I have a random walk function, that uses numpy.random to do the random step. The function walk, by itself, works just fine. In parallel, it works as expected in most cases, however in conjunction with multiprocessing, it fails. Why does multiprocessing get it wrong?

import numpy as np

def walk(x, n=100, box=.5, delta=.2):
    "perform a random walk"
    w = np.cumsum(x + np.random.uniform(-delta,delta,n))
    w = np.where(abs(w) > box)[0]
    return w[0] if len(w) else n

N = 10

# run N trials, all starting from x=0
pwalk = np.vectorize(walk)
print pwalk(np.zeros(N))

# run again, using list comprehension instead of ufunc
print [walk(0) for i in range(N)]

# run again, using multiprocessing's map
import multiprocessing as mp
p = mp.Pool()
print p.map(walk, [0]*N)

The results, are typically something like...

[47 16 72  8 15  4 38 52 12 41]
[7, 45, 25, 13, 16, 19, 12, 30, 23, 4]
[3, 3, 3, 3, 3, 3, 3, 14, 3, 14]

The first two methods obviously show randomness, while the latter doesn't. What's going on, so that multiprocessing doesn't get it right?

If you add a sleep so it's a sleepwalk and there's significant delay, multiprocessing still gets it wrong.

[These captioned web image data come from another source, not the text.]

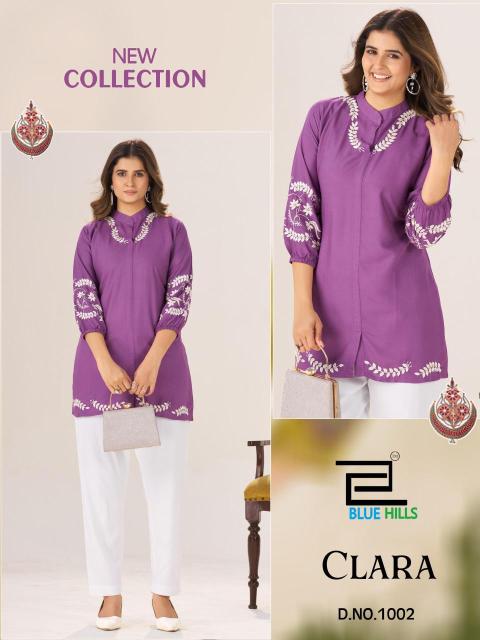 Blue hills clara Kurti manufacturer in Ahmedabad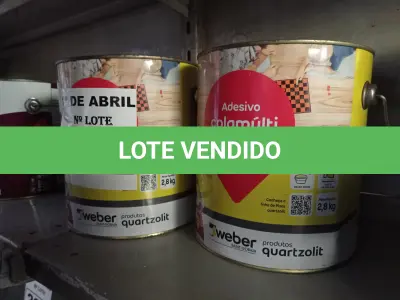 LOTE 236 - 02 GALÕES DE ADESIVO COLAMULT QUARTZOLIT 2,8KG. (NO ESTADO) ATENÇÃO! FAZER A VISITAÇÃO ANTES DE ARREMATAR, NÃO SABEMOS SE FUNCIONA. LEILÃO NÃO TEM GARANTIA E NEM DEVOLUÇÃO, SUJEITO A POSSÍVEIS AVARIAS VISÍVEIS/OCULTAS E/OU AUSÊNCIA DE COMPONENTES.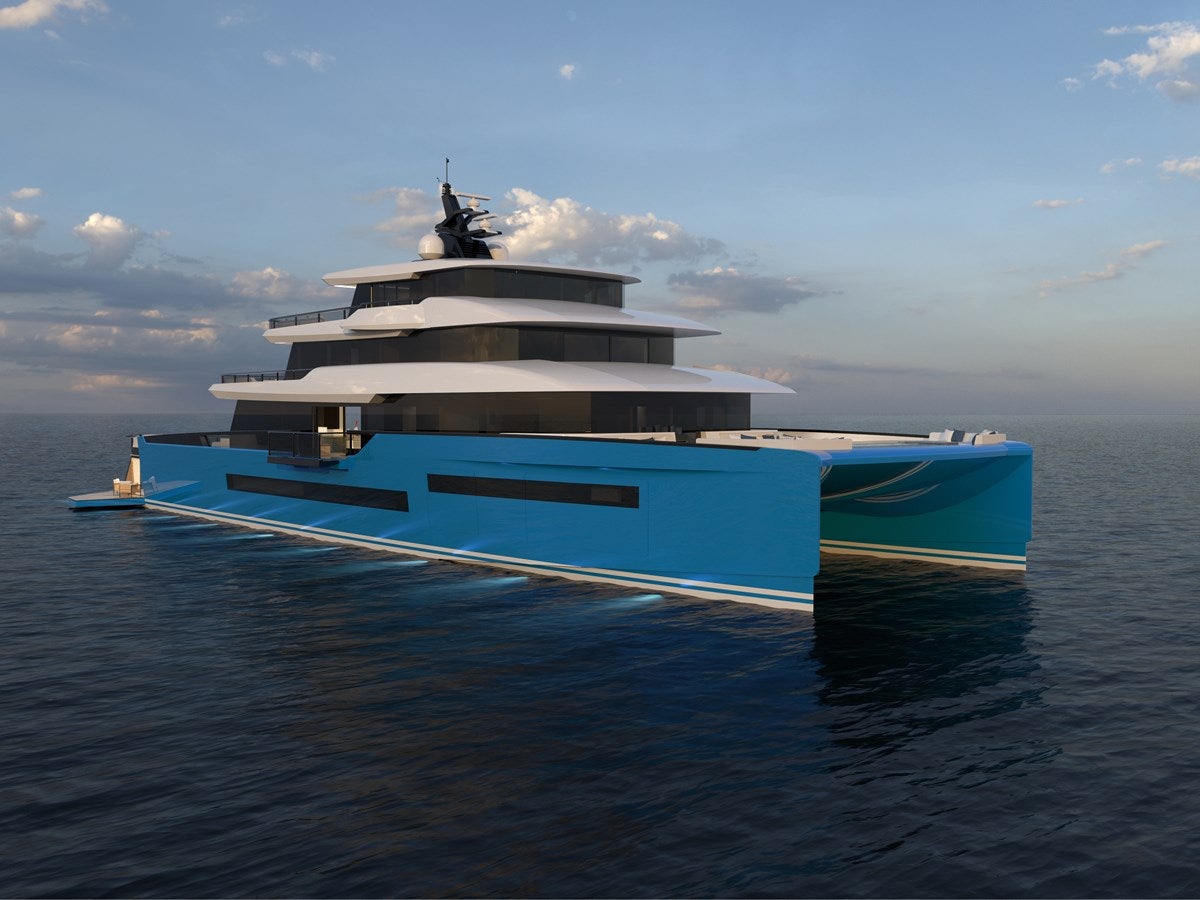 a boat in the water aboard ZEFFIRO 150' Yacht for Sale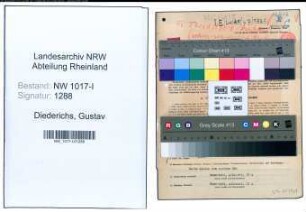 Entnazifizierung Gustav Diederichs , geb. 04.07.1909 (Kaufmann)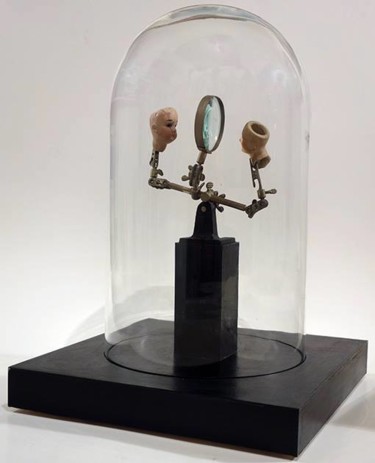 Skulptur mit dem Titel "Face a Face - Domin…" von Dominique Zoladz, Original-Kunstwerk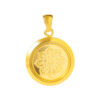 762_0001_Layer2 TOMEI Flower Of Life Gift Pendant, Plated Yellow Gold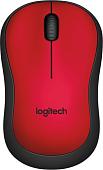 Мышь Logitech M221 (красный/черный)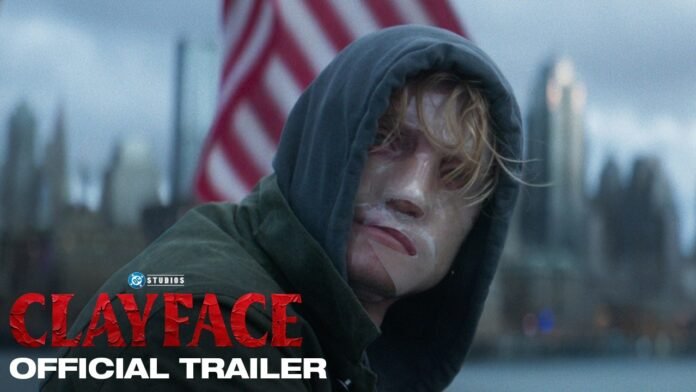 Tom Rhys Harries as a disfigured Matt Hagen in the official Clayface trailer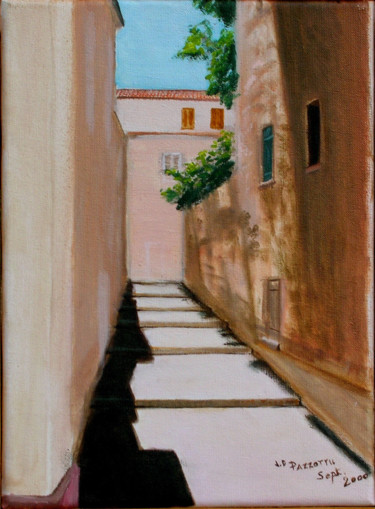 Painting titled "Rue du bouleau" by Jean-Christophe Pazzottu, Original Artwork
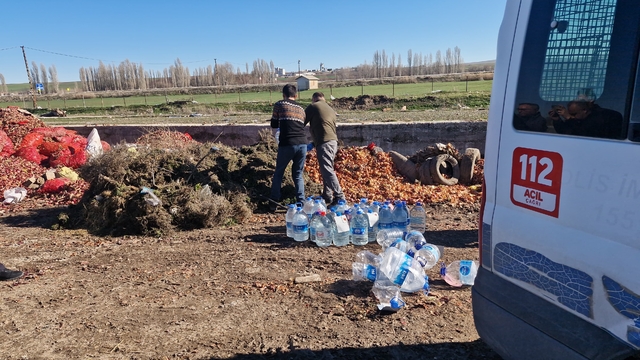Çorum'da 180 litre kaçak alkol imha edildi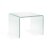 Mesa de centro BURANO GLASS 60×60 – cristal Transparente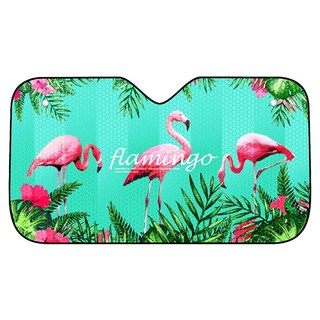 韓式五層防護鋁箔氣泡抗UV遮陽前擋 吸盤式, 火烈鳥綠, 1個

However, if you replace the call to np.random.uniform with a non-array method like [(random.random()-.5) for i in range(n)], then it works as expected.

So why doesn't numpy.random and multiprocessing play nice?

回答1:

What's going on, so that multiprocessing doesn't get it right?

You need to reseed in each process to make sure the psuedo-random streams are independent of one another.

I use os.urandom to generate the seeds.